Tijdelijke vergunningen en Flexwonen
Wanneer geen sprake is van een “stedelijk ontwikkelingsproject” kunnen gemeenten tijdelijke vergunningen verstrekken om snelheid in de ontwikkeling te verkrijgen. Tijdelijke vergunning is een instrument om woningbouw op gang te brengen op locaties zonder de bestemming wonen. Vooral bij tijdelijke vergunningen kan eenvoudiger gekozen worden voor Circulaire Woningconcepten. Een tijdelijke vergunning kan later ook altijd nog omgezet worden naar een permanente vergunning.
Voorbeeld:
Grondbeleid
- In het exploitatieplan circulaire woningconcepten opnemen als voorwaarde
- Zorgen dat circulaire woningconcepten passen in het grondbeleid
Grondbeleid
Er bestaan verschillende vormen van grondbeleid: actief en passief grondbeleid zijn de uitersten in het spectrum. Bij actief grondbeleid verwerft de gemeente de gronden zelf. Bij passief grondbeleid laat de gemeente de grondverwerving en -uitgifte over aan private partijen.
Door middel van een exploitatieplan kan een gemeente onder andere regels vaststellen die bepalen hoe de uitvoering van een bouwplan eruit moeten zien. Hier kunnen dus ook bepalingen in worden vastgesteld die bepaalde eisen op het gebied van duurzaamheid beschrijven. Meer info over grondbeleid zie hier. Binnen het grondbeleid is het belangrijk dat gemeenten ruimte inbouwen om innovatieve ideeën een kans te kunnen geven tot uitvoering. Wanneer de plannen zodanig zijn vastgelegd dat conceptbouw moeilijk hierin past is er bijvoorbeeld alleen maar maatwerk mogelijk, waardoor het lastig wordt om conceptuele bouwprojecten te kunnen realiseren.

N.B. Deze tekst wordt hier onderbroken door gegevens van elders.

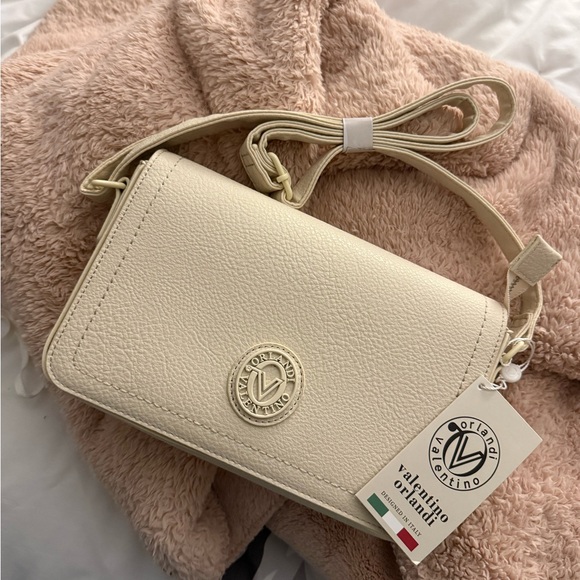 Valentino Off-White Leather Crossbody Bag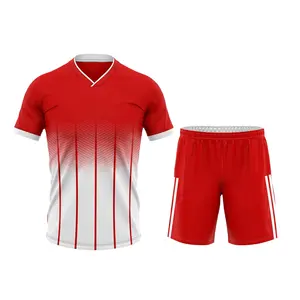 2023 neueste leere Polyester Multi Farben benutzer definierte Name Nummer Fußball Trikot Set Herren und Damen Uniformen Set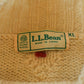 Vintage 1990s LL Bean Floral Pattern Embroidered Cable Knit Wool Sweater Men's XL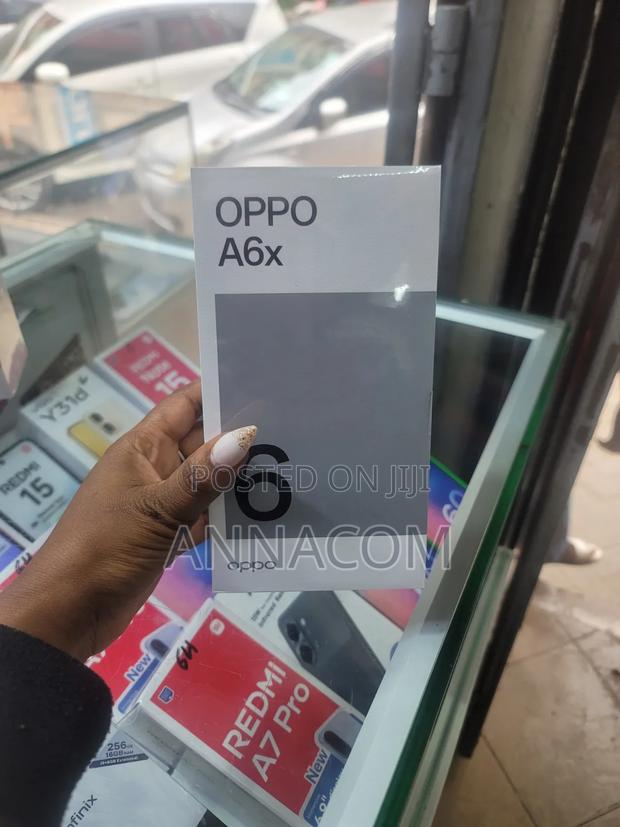 New Oppo A6x 128 GB Blue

Ruimtelijk en functioneel kader
- Circulaire woningconcepten mogelijk maken binnen de ruimtelijke, programmatische en kwalitatieve criteria
Afwegingskader woningbouw
Bij de keuze voor woningbouw worden afwegingen gemaakt over ruimtelijke criteria (waar past de woningbouw), over programmatische criteria (op welke segmenten ligt de focus) en kwalitatieve criteria. Door middel van een exploitatieplan kan een gemeente onder andere regels vaststellen die bepalen hoe de uitvoering van een bouwplan eruit moeten zien. Hier kunnen dus ook bepalingen in worden vastgesteld die bepaalde eisen op het gebied van duurzaamheid beschrijven. In Het Nieuwe Normaal 0.2 zijn 12 kpi’s opgenomen. Om woningbouwprojecten betaalbaar te houden is het niet mogelijk om op alle kpi’s maximale prestaties te vragen. Als gemeente zul je samen met de woningcorporaties of andere Ontwikkelaars moeten afwegen welke kpi je meer belangrijk vindt dan andere. (In de nieuwe Woonstandaard van het Netwerk Conceptueel Bouwen zal dit (deels) standaard opgenomen worden).